Hades olhou para Qin. A cada nova memória, o humano se tornava mais complexo aos olhos do deus. Ele não era apenas o guerreiro resiliente ou o imperador orgulhoso; ele era alguém que arriscaria a vida por pergaminhos e que encontrava alegria na companhia de uma amiga enquanto o mundo ao redor ainda cheirava a fumaça.

— Você sente falta dela? — perguntou Hades, sua voz suavizando-se. — Da Kimi?

O sorriso de Qin não desapareceu, mas tornou-se mais suave, mais real.

— Kimi foi a primeira a me ensinar que um Rei precisa de olhos nas costas. Ela teria detestado o homem que me matou. Provavelmente teria tentado envenená-lo antes mesmo do casamento.

— Ela parece ter sido uma aliada valiosa — comentou Hades.

— Ela era minha família — respondeu Qin, e por um momento, a aura de autoridade do Imperador vacilou, revelando o homem que sentia o peso de cada perda. — E em Helheim, as lembranças são tudo o que nos resta. Por isso eu as guardo com tanto cuidado. Mesmo as partes em que eu estava agindo como um idiota embriagado.

Hades levantou-se e parou ao lado de Qin. Pela primeira vez, o deus não olhava para o humano como um subordinado ou uma curiosidade, mas como alguém que entendia o valor do que era eterno.

— Você salvou mil livros — disse Hades. — E agora, está tentando salvar as almas deste reino. Você tem uma mania estranha de carregar o que os outros deixam queimar.

— Alguém precisa fazer o trabalho difícil, Hades — Qin deu de ombros, recuperando seu tom teatral. — Além disso, o cinza deste palácio ficaria muito melhor se tivéssemos uma biblioteca. O que você acha? Eu ainda lembro de cada palavra dos mil livros. Podemos começar a reescrevê-los amanhã.

Hades soltou um suspiro, mas desta vez, havia um rastro de um sorriso em seu rosto.

— Se você prometer não incluir peixes nos tratados de guerra, eu considerarei a ideia.

— Hao! — exclamou Qin, rindo alto. — Mas aviso logo: o vinho de Helheim terá que ser de primeira qualidade. A inspiração exige sacrifícios, Rei do Submundo!

A tela se apagou, deixando o salão em uma penumbra confortável. Os outros deuses começaram a se dispersar, alguns ainda rindo das palhaçadas do imperador bêbado, outros refletindo sobre a profundidade de suas ações. Poseidon saiu sem dizer uma palavra, mas seu olhar sobre Qin foi menos gélido do que o habitual.

Hades e Qin permaneceram sozinhos por mais alguns instantes.

— O que aconteceu com os livros? — perguntou Hades, enquanto caminhavam em direção à saída do salão.

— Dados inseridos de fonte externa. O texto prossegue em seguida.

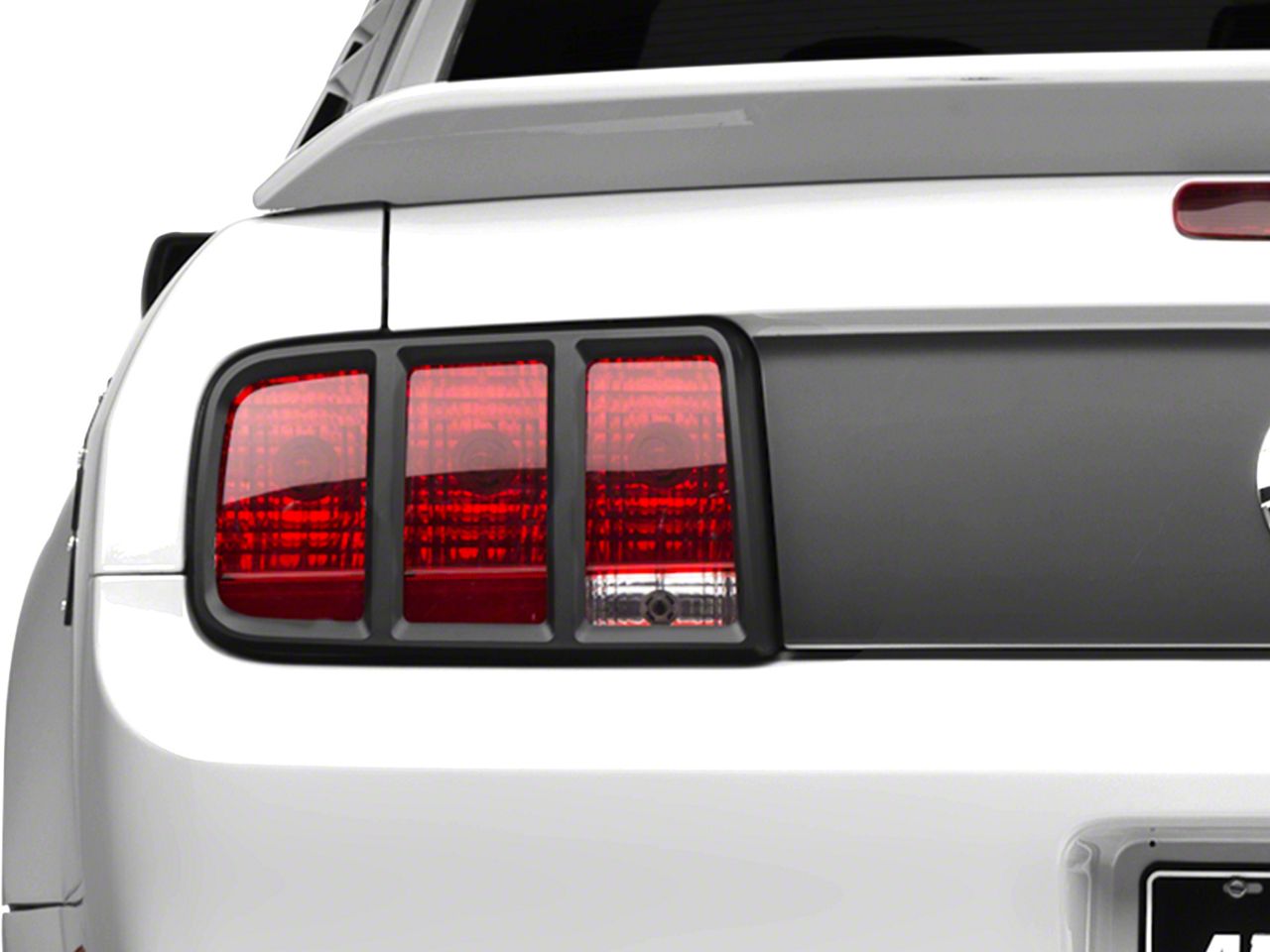 MMD Tail Light Trim - Matte Black (05-09 All)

— Eles sobreviveram por séculos — respondeu Qin, olhando para as próprias mãos. — Alguns foram perdidos em outras guerras, outros foram escondidos. Mas a essência deles... a ideia de que um povo é definido pelo que ele sabe e não apenas pelo que ele conquista... isso nunca morreu. Eu garanti isso naquela noite.

— Você é um homem singular, Qin Shi Huang — disse Hades, abrindo a porta para o imperador passar.

— E você está começando a ficar repetitivo, Hades — brincou Qin, piscando por trás da venda. — Mas não se preocupe. Eu vou te ensinar tantas coisas novas que você vai esquecer o que é tédio. Começaremos pela arte de beber vinho enquanto se discute filosofia transcendental.

Hades balançou a cabeça, mas não o interrompeu. Enquanto seguiam pelos corredores de Helheim, o som da risada de Qin ecoava, trazendo uma vida vibrante e caótica para o reino dos mortos. O Imperador que salvou mil livros das chamas estava agora escrevendo um novo capítulo, em um lugar onde ninguém esperava encontrar nada além de sombras. E Hades, o sério e disciplinado Rei do Submundo, percebeu que, talvez, um pouco de "iluminação etílica" fosse exatamente o que seu reino precisava.